Sebelum mengakhiri tulisan ini, ijinkan saya (sebagai orang biasa) menegaskan bahwa hidup ini sementara. Kita akan dihapus dari peredaran ini dan digantikan oleh anak-anak kita dan cucu-cucu kita. Tegakah kita bila anak-anak kita menderita karena melihat anak dan cucu mereka menderita? Tentu kita tidak tega. Bukankah kita sekarang bekerja keras demi anak-anak kita? Tentu kita tak mau mereka menderita.

Oleh karena itu, kita harus segera berbenah diri. Kita harus bangun bangsa kita, kapanpun dan dimana pun kita.

Ijinkan juga saya untuk jujur bahwa pendidikan telah merubah saya walau pun saya masih tetap orang biasa. Seorang Sitti Maesuri, yang hanya orang desa, yang masa kecilnya mandi di sungai yang kotor pagi dan sore, yang hidupnya kelihatan melarat karena rumahnya sering berlumpur akibat banjir, yang pernah hampir meninggal dunia di tengah samudra luas saat bayi karena ombak besar [kaena Ayah yang pernah bertugas di pulau].

Dengan pendidikan, setelah puluhan tahun kemudian, kini dia mampu bersuara. Dia mampu menuliskan ini untuk Anda. Dia kini bisa duduk berdiskusi dengan beberapa Professor di luar negeri tanpa rasa takut, bisa berdiri menyajikan ide-ideanya di sejumlah konferensi, bisa mengenali, melihat, menyadari yang dulu tidak dikenalnya, tidal dilihatnya, dan tidak disadarinya. Ini semua karena pendidikan.

Pendidikan adalah tujuan jangka panjang. Pendidikan adalah proses yang panjang. Hasilnya baru tampak setelah sekian tahun kemudian. Artinya, jika Anda membangun pendidikan ini dengan tujuan jangka pendek, karena mau mendapatkan label sukses, maka Anda harus mengoreksi diri. Kata sahabat saya Bapak Bob Hardian, kita perlu menanam tanpa harus memikirkan memetik hasilnya.
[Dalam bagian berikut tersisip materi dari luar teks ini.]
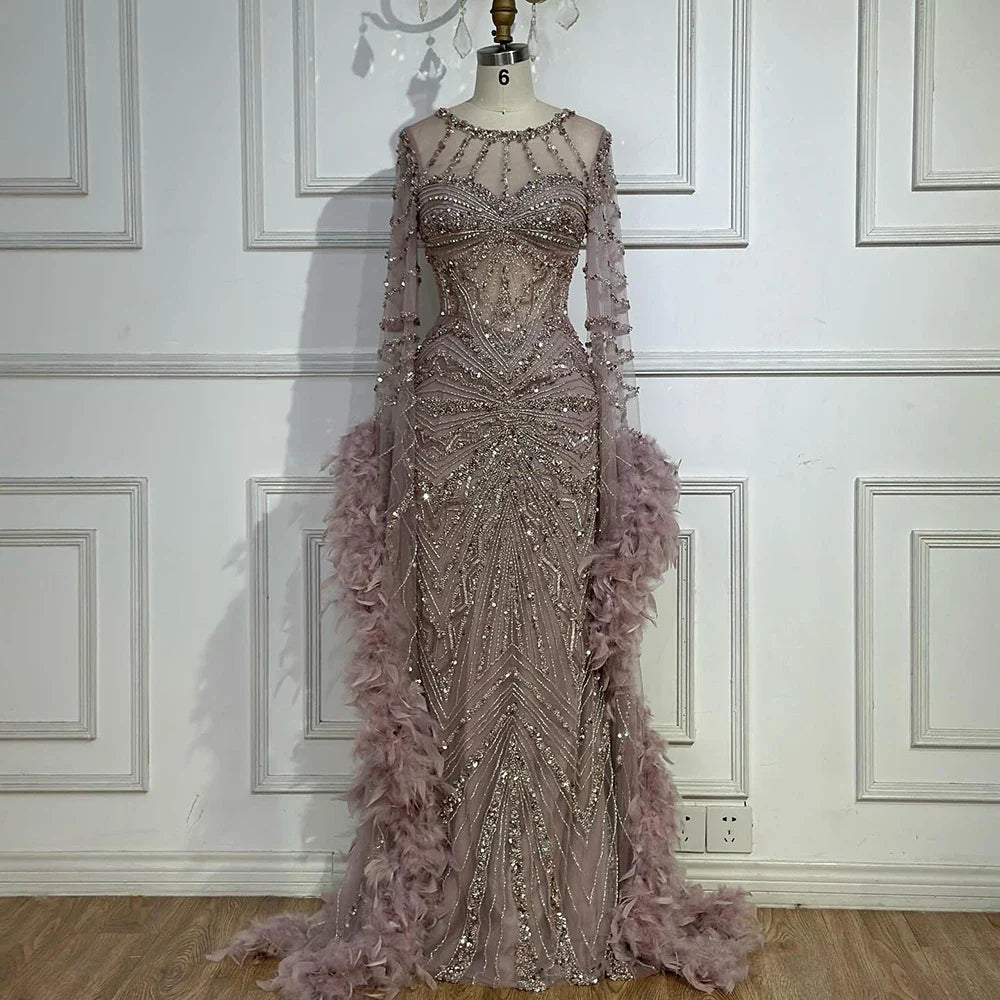 Luxury Caramel Crew Neck Beaded Mermaid Evening Dress  LA72708A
Sama jika Anda menanam pohon jati sekarang, mungkin cucu kita dan kawan-kawanya yang menikmati, sedang kita sudah terkubur.

Semoga Allah selalu membimbing kita pada jalan yang benar. Semoga Allah membuka pintu kebaikan untuk kita semua. Maafkan saya jika curhat ini kepanjangan.